DATA EXTRACT:
>>>>

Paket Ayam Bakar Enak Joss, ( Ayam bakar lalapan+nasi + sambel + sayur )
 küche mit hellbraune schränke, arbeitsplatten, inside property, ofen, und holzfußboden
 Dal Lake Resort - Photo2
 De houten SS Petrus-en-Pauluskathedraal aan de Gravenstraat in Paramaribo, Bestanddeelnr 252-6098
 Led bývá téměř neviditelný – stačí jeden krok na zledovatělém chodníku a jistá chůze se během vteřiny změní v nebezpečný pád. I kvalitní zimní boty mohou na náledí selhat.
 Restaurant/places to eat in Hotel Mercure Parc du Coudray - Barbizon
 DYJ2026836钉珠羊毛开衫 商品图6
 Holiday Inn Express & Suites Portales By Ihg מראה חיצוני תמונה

<<<<

TASK TO COMPLETE:
Look above for the line containing "DYJ2026836钉珠羊毛开衫 商品图6". From there to the final line of the entries, repeat every line exactly.

SOLUTION TO THE PROBLEM:
 DYJ2026836钉珠羊毛开衫 商品图6
 Holiday Inn Express & Suites Portales By Ihg מראה חיצוני תמונה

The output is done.